• [Work request] Since only part of the material below is wanted, output exactly the lines from the one with "Puzzle 1000 pièces" up to and including the one with "0196188043127 - HyperX".

• [Provided entries]

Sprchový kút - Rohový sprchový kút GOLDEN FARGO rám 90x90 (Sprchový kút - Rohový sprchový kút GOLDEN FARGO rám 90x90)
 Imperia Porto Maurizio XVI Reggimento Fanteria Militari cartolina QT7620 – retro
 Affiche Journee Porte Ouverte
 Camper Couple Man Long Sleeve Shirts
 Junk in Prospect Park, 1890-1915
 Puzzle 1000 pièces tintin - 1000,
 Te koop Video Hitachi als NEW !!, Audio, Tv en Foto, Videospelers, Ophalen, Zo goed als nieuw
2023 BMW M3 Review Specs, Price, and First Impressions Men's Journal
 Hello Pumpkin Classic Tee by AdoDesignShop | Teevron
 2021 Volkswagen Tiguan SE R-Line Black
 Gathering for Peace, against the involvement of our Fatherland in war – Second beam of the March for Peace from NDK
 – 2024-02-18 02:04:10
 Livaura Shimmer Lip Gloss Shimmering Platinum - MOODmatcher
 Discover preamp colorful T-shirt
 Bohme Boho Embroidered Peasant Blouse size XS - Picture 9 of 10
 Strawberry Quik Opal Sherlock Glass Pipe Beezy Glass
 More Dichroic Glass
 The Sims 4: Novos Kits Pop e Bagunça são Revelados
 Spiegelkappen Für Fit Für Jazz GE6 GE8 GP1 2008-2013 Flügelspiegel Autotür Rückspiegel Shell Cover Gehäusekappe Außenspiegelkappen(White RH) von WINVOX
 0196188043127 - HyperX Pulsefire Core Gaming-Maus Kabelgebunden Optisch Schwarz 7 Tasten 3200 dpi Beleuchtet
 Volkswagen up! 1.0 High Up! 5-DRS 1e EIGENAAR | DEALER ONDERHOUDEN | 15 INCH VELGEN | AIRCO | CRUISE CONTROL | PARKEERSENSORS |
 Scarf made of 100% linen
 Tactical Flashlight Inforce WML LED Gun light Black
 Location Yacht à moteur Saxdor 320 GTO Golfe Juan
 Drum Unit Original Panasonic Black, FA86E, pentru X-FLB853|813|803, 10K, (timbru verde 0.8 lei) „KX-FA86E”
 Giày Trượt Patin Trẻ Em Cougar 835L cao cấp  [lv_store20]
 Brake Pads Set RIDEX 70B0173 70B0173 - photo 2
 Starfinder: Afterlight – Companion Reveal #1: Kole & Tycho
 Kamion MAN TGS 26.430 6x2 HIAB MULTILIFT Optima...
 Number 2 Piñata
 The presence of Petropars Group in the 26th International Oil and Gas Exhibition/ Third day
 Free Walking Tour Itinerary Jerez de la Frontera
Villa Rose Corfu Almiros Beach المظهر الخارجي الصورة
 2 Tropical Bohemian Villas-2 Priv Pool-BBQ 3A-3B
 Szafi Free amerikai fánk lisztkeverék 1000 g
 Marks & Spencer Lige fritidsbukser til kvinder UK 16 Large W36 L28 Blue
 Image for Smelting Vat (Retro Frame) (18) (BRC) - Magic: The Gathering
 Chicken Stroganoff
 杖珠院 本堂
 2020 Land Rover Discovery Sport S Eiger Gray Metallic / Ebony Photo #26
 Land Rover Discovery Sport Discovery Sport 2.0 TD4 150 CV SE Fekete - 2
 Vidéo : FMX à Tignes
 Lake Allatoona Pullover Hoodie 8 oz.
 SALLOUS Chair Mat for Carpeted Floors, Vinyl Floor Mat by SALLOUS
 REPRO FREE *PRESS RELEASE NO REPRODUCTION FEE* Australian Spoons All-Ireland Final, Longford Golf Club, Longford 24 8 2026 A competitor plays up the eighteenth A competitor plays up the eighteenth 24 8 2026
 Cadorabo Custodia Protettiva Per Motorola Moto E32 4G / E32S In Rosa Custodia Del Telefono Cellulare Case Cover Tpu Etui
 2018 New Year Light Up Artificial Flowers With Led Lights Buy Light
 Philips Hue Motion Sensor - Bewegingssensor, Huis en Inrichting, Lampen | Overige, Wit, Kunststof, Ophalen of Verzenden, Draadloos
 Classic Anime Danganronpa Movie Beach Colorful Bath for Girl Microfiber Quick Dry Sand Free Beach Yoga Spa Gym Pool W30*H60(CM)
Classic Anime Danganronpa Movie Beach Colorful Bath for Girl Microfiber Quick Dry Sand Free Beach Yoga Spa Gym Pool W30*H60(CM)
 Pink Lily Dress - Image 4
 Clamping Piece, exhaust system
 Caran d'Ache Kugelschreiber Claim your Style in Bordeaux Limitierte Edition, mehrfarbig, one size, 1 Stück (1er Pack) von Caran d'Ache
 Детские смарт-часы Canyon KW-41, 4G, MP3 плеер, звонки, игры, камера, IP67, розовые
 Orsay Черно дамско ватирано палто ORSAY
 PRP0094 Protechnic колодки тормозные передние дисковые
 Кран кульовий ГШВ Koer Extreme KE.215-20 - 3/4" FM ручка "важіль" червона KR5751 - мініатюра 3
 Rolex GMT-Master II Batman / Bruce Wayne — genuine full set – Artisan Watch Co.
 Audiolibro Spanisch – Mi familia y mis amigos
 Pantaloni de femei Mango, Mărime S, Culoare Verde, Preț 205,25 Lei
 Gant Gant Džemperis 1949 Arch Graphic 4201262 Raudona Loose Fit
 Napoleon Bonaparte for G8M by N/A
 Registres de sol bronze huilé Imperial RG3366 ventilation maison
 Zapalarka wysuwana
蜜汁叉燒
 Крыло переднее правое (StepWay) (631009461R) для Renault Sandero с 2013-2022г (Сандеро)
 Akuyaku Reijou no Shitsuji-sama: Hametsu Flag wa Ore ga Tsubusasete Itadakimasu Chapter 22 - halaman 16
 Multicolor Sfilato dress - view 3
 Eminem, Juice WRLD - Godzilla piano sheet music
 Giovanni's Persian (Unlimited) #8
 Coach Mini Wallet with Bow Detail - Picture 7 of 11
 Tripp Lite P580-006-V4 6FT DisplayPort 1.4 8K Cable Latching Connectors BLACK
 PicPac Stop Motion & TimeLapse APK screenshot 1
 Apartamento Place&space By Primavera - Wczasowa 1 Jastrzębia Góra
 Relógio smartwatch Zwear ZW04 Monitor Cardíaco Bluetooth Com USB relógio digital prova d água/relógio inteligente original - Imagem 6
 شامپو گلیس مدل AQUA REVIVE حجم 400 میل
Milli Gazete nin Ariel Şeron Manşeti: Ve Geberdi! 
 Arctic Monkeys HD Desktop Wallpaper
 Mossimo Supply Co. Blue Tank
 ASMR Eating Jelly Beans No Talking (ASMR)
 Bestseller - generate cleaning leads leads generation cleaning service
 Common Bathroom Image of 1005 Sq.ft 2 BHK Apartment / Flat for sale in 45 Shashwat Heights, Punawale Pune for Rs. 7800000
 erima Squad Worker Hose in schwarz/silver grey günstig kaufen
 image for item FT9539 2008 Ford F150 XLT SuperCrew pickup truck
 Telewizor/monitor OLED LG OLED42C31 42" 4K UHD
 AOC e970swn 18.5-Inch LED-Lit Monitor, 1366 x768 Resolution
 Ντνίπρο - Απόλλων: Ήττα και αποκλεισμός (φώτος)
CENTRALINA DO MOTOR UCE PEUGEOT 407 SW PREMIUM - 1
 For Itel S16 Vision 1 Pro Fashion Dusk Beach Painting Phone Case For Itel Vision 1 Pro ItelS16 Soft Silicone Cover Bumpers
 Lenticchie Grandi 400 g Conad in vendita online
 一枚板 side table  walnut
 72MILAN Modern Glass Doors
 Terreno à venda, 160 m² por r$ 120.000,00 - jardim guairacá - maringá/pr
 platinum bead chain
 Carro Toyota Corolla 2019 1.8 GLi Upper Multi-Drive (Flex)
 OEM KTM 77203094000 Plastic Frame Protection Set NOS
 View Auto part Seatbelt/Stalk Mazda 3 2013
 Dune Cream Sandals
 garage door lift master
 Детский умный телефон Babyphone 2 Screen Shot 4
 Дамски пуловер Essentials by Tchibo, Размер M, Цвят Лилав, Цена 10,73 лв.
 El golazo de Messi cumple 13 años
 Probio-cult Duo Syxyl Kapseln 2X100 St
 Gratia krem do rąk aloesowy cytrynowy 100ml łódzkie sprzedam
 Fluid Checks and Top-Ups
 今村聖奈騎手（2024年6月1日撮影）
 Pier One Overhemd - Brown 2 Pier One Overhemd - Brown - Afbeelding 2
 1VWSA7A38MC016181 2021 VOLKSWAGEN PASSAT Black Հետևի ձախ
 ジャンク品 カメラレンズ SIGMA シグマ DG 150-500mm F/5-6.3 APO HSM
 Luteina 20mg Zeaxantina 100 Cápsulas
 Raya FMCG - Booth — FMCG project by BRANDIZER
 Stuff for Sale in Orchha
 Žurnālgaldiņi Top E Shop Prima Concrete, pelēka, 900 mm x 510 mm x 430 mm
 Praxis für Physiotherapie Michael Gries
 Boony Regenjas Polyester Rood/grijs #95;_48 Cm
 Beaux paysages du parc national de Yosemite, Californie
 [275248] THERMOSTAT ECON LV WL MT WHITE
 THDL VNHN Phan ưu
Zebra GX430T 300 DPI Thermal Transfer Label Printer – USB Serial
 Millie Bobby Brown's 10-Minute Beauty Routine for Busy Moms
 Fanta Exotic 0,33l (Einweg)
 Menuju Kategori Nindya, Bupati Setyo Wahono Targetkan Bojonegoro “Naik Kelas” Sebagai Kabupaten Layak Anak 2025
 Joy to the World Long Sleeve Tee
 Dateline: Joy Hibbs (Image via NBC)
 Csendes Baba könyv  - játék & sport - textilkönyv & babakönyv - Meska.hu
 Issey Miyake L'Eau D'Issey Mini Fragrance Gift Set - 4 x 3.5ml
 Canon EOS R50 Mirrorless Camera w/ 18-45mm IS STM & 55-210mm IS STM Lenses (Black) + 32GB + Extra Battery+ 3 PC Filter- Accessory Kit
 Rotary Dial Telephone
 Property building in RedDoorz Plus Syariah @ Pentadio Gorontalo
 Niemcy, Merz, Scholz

• [Exercise solution]
 Puzzle 1000 pièces tintin - 1000,
 Te koop Video Hitachi als NEW !!, Audio, Tv en Foto, Videospelers, Ophalen, Zo goed als nieuw
2023 BMW M3 Review Specs, Price, and First Impressions Men's Journal
 Hello Pumpkin Classic Tee by AdoDesignShop | Teevron
 2021 Volkswagen Tiguan SE R-Line Black
 Gathering for Peace, against the involvement of our Fatherland in war – Second beam of the March for Peace from NDK
 – 2024-02-18 02:04:10
 Livaura Shimmer Lip Gloss Shimmering Platinum - MOODmatcher
 Discover preamp colorful T-shirt
 Bohme Boho Embroidered Peasant Blouse size XS - Picture 9 of 10
 Strawberry Quik Opal Sherlock Glass Pipe Beezy Glass
 More Dichroic Glass
 The Sims 4: Novos Kits Pop e Bagunça são Revelados
 Spiegelkappen Für Fit Für Jazz GE6 GE8 GP1 2008-2013 Flügelspiegel Autotür Rückspiegel Shell Cover Gehäusekappe Außenspiegelkappen(White RH) von WINVOX
 0196188043127 - HyperX Pulsefire Core Gaming-Maus Kabelgebunden Optisch Schwarz 7 Tasten 3200 dpi Beleuchtet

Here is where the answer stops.